[What the task asks]: In your reply, repeat every entry exactly and skip over each picture.

[Crawled caption data]
════════
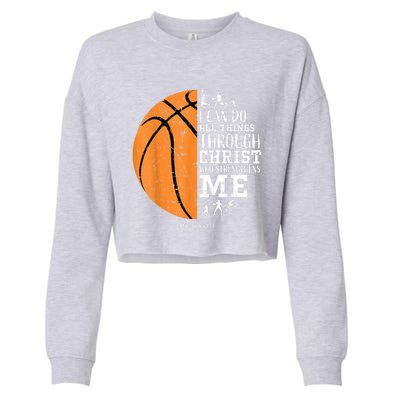 Cute Funny Christian Basketball Gift For Boys Religious Gifts Cropped Pullover Crew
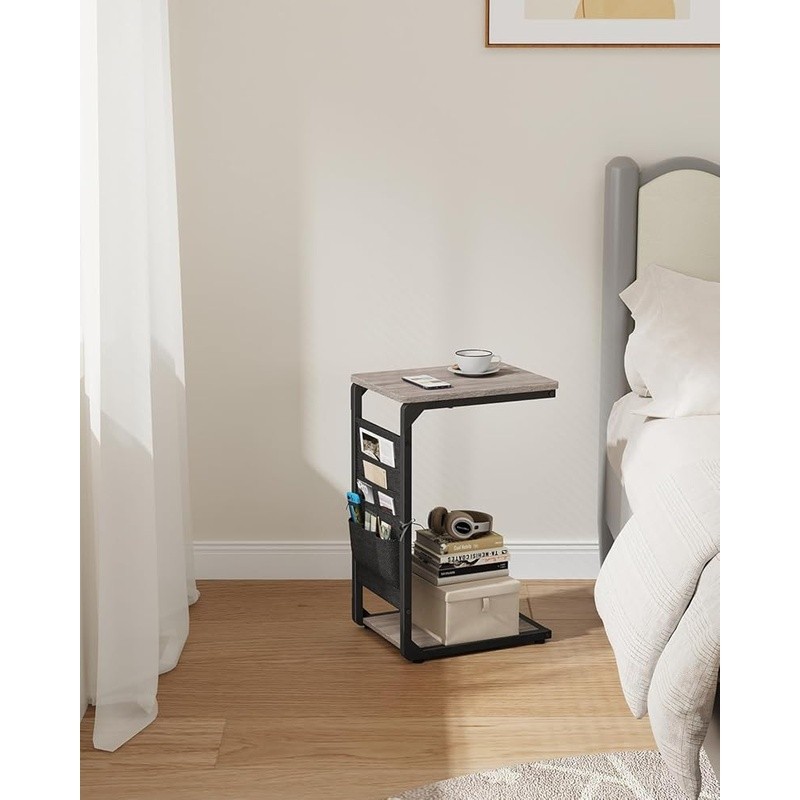 Multi-layer Slim Side Table Sofa Bed Storage Remote Control Laptop Use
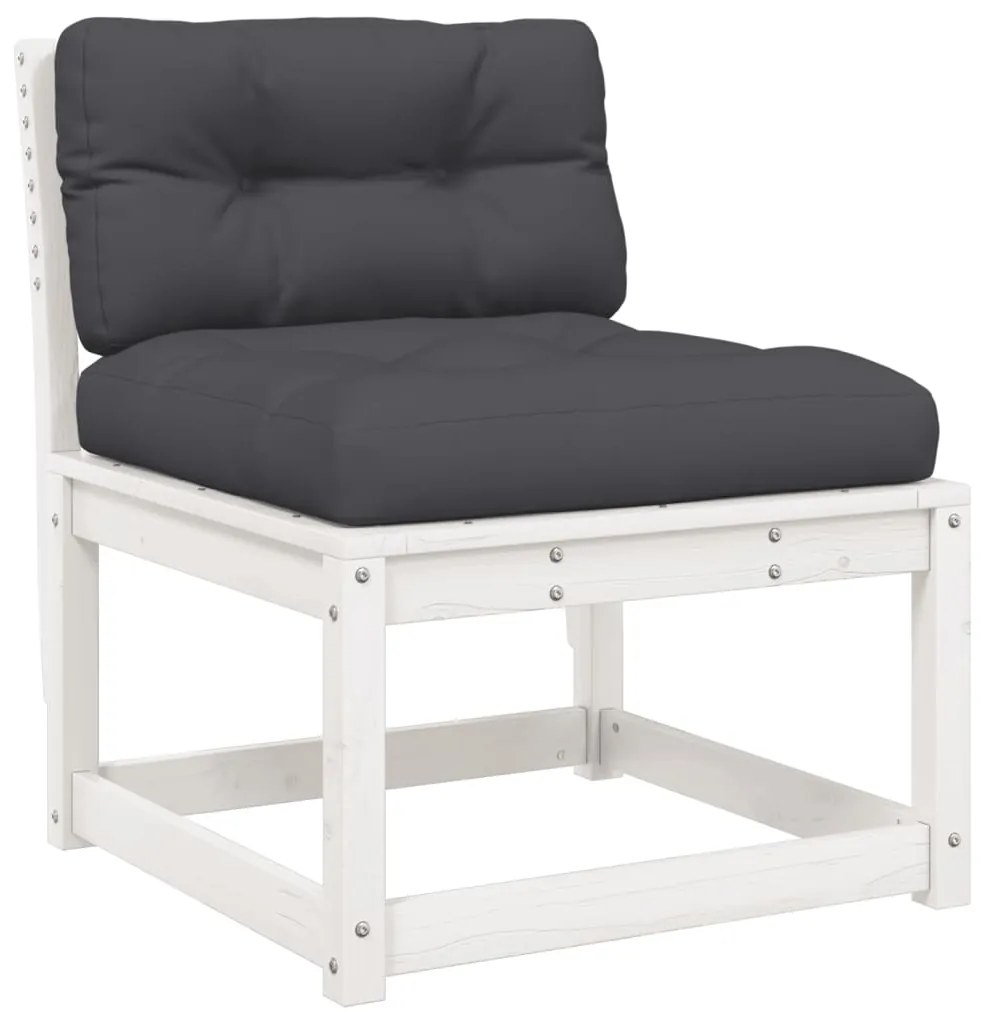 8 pcs conj. lounge de jardim c/ almofadões pinho maciço branco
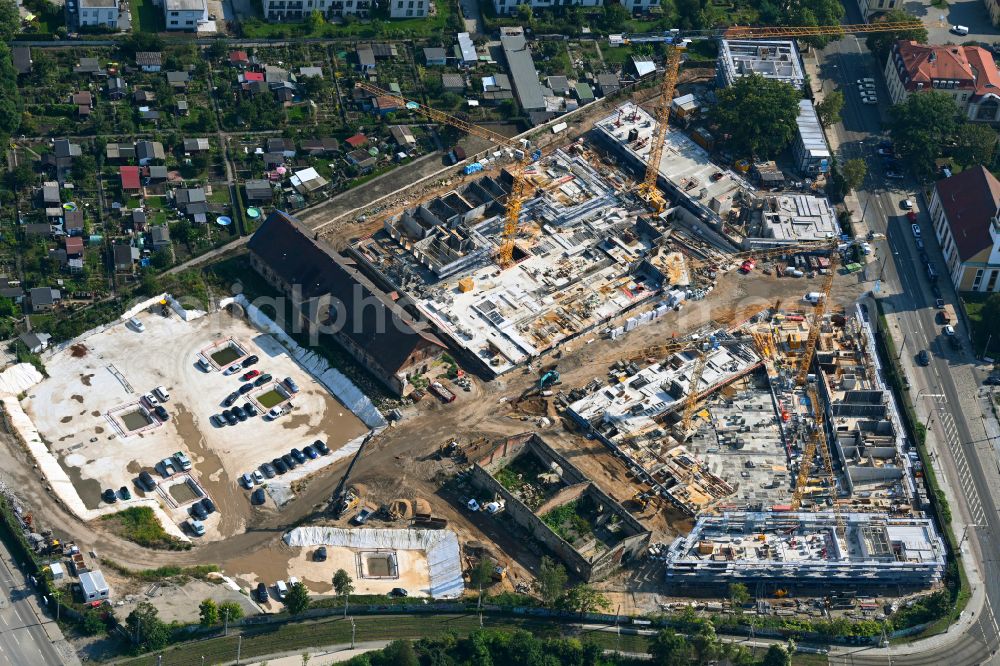 Aerial photograph Dresden - Construction site to build a new multi-family residential complex Ostravorwerk on street Friedrichstrasse - Vorwerkstrasse in the district Friedrichstadt in Dresden in the state Saxony, Germany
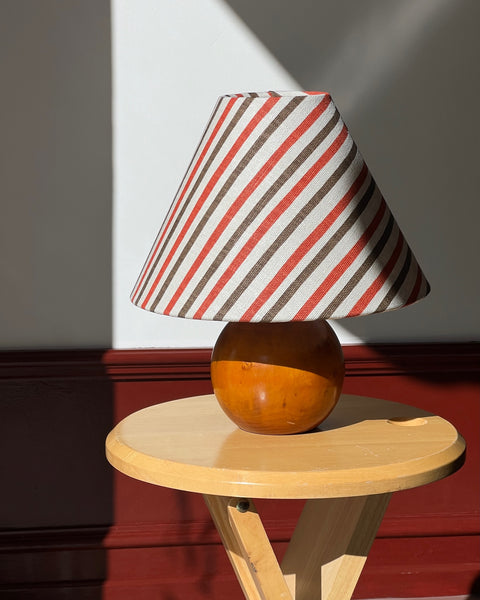 Vintage round wooden table lamp (incl. lampshade)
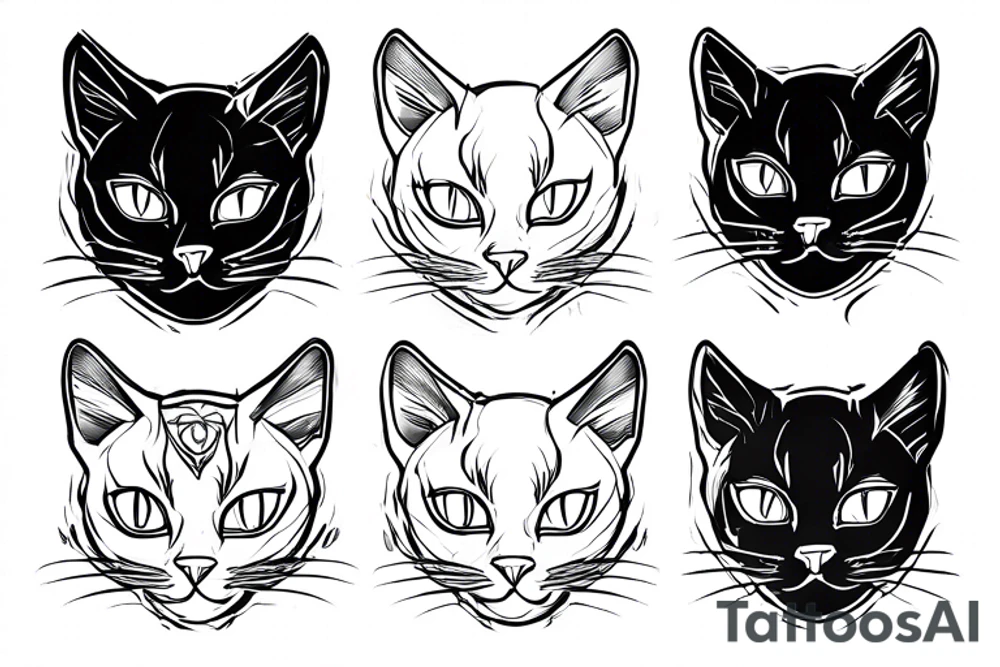 blck cat tattoo idea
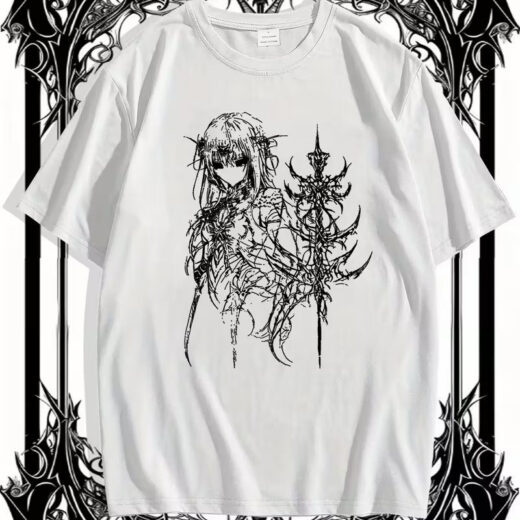 Готическая футболка PrintBro с аниме-графикой unisex Art.002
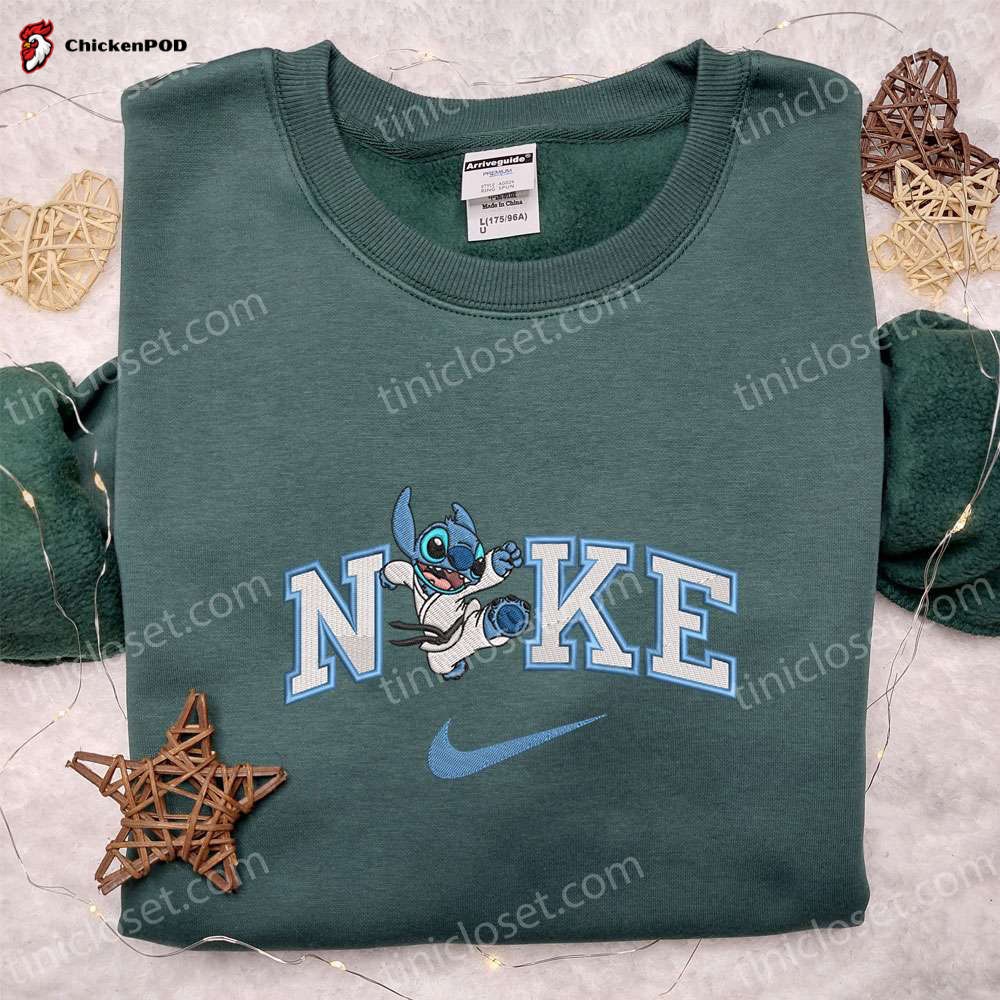 Nike x Karate Stitch Hoodie Disney Characters Shirt Nike Inspired Embroidered Hoodie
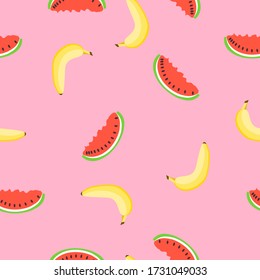 Seamless pattern with yellow banana, red watermelon. Pink background. Flat cartoon style. Summer fruits. Healthy food. Vegan lifestyle. Health care. For postcards, wallpaper, textile, wrapping paper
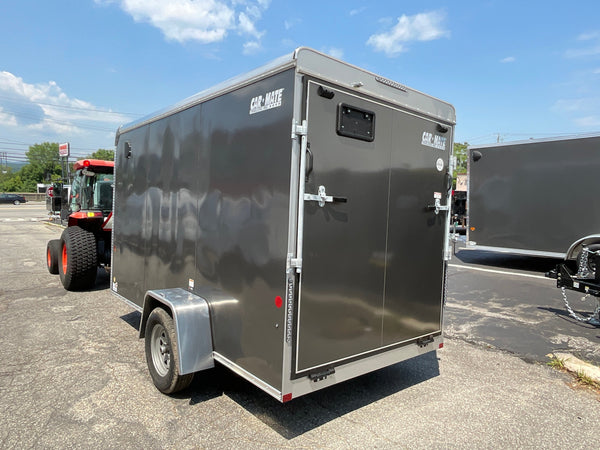 Car Mate Trailers 6'x12' Enclosed Cargo Trailer Silver RAMP Car Mate Trailers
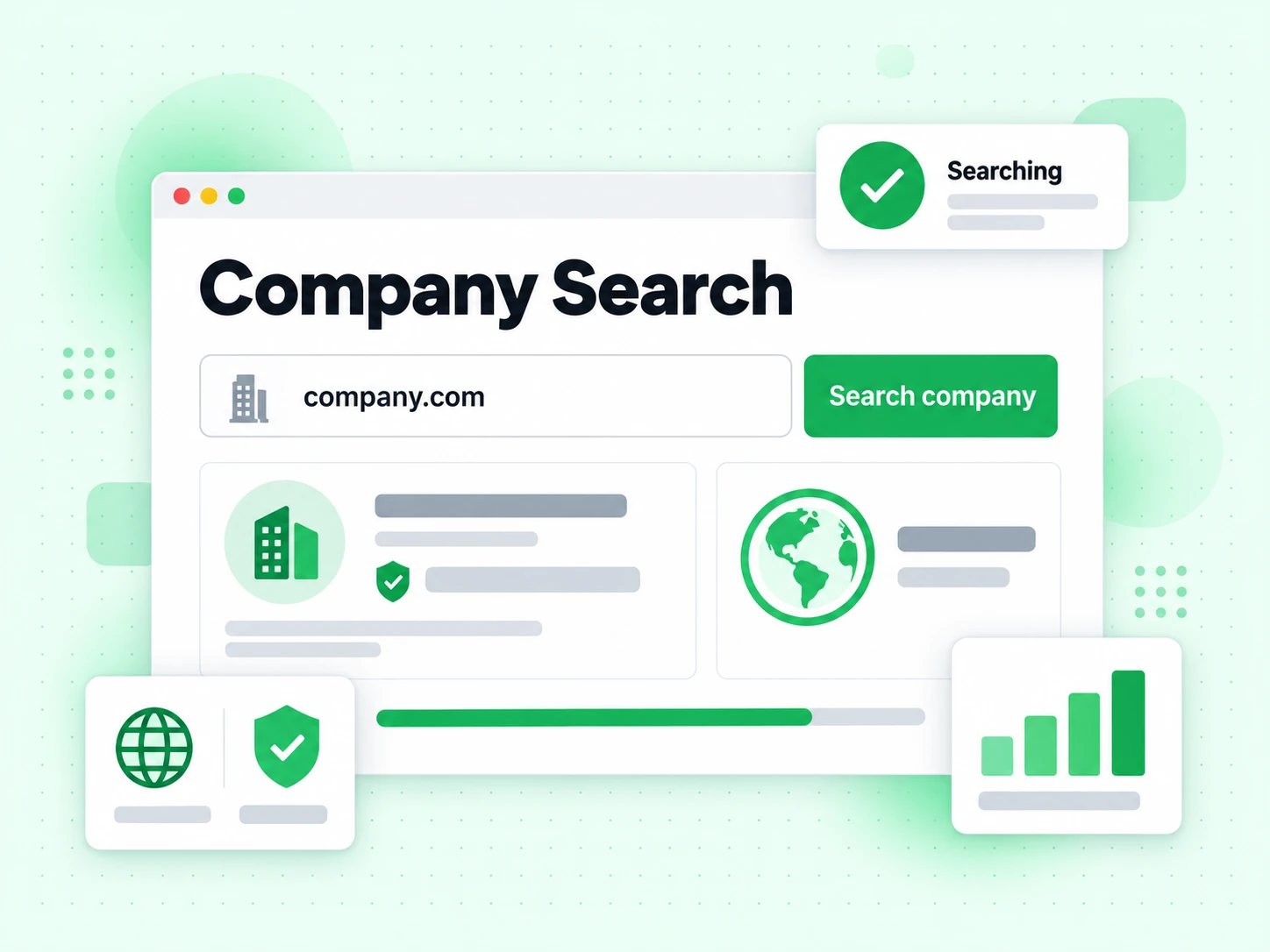 Company Search looking up a business domain to list its work email addresses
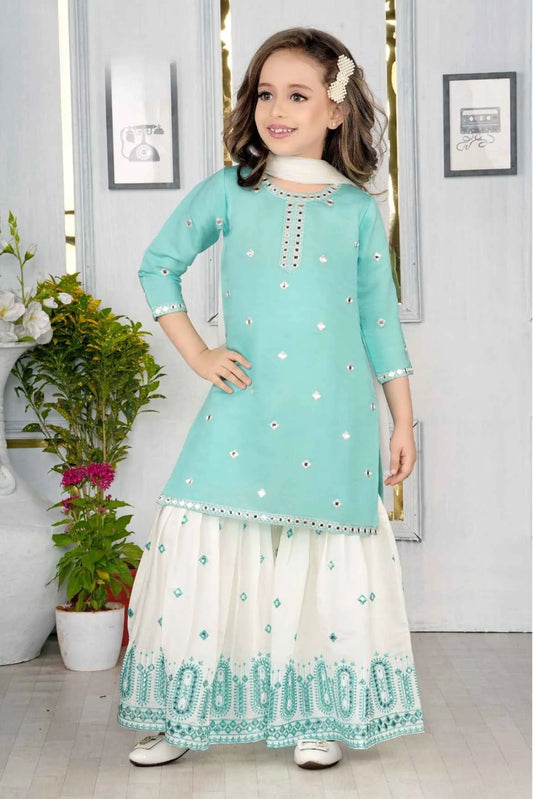 Firozi And White Mirror Embroidery Sharara Set For Girls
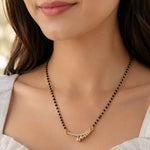 Load image into Gallery viewer, Silver & Gold Plated Black Crystal Beads Two-Tone Mangalsutra With Earrings For Women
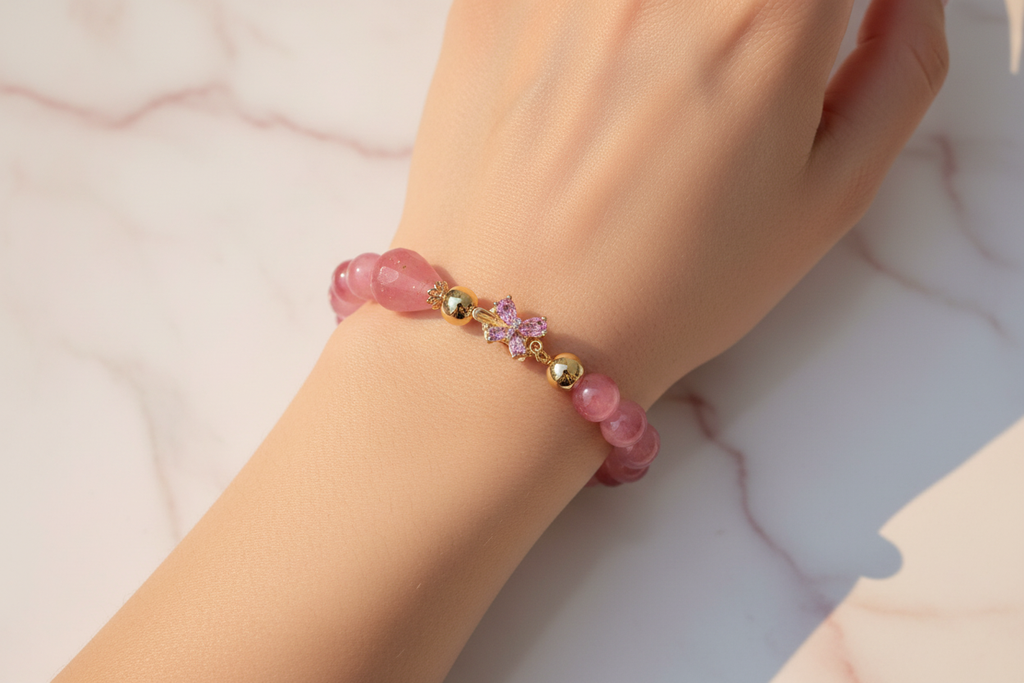 Strawberry Agate & Pink Teardrop Bead Bracelet with CZ Butterfly Clasp Lifestyle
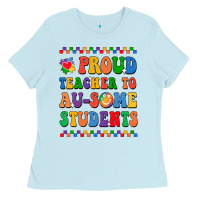 Baby Blue Proud Teacher to au-some student Ladies Tee - CowhideDigitalArt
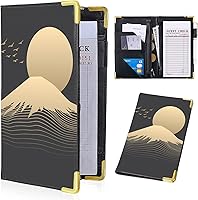 Vista 15 de Libros de servidor para mesera - Cartera de cuero PU marrón con bolsillo con cierre, motivo navideño; lindo organizador para meseros con bolsillo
════════
[Task response]:
 Cute Funny Christian Basketball Gift For Boys Religious Gifts Cropped Pullover Crew
 Multi-layer Slim Side Table Sofa Bed Storage Remote Control Laptop Use
 8 pcs conj. lounge de jardim c/ almofadões pinho maciço branco
 Aerial photograph Dresden - Construction site to build a new multi-family residential complex Ostravorwerk on street Friedrichstrasse - Vorwerkstrasse in the district Friedrichstadt in Dresden in the state Saxony, Germany
 Vintage round wooden table lamp (incl. lampshade)
 blck cat tattoo idea
 Готическая футболка PrintBro с аниме-графикой unisex Art.002
 Nike x Karate Stitch Hoodie Disney Characters Shirt Nike Inspired Embroidered Hoodie
 Seamless pattern with yellow banana, red watermelon. Pink background. Flat cartoon style. Summer fruits. Healthy food. Vegan lifestyle. Health care. For postcards, wallpaper, textile, wrapping paper
 Car Mate Trailers 6'x12' Enclosed Cargo Trailer Silver RAMP Car Mate Trailers
 Company Search looking up a business domain to list its work email addresses
 Firozi And White Mirror Embroidery Sharara Set For Girls
 Load image into Gallery viewer, Silver & Gold Plated Black Crystal Beads Two-Tone Mangalsutra With Earrings For Women
 Strawberry Agate & Pink Teardrop Bead Bracelet with CZ Butterfly Clasp Lifestyle
 Baby Blue Proud Teacher to au-some student Ladies Tee - CowhideDigitalArt
 Vista 15 de Libros de servidor para mesera - Cartera de cuero PU marrón con bolsillo con cierre, motivo navideño; lindo organizador para meseros con bolsillo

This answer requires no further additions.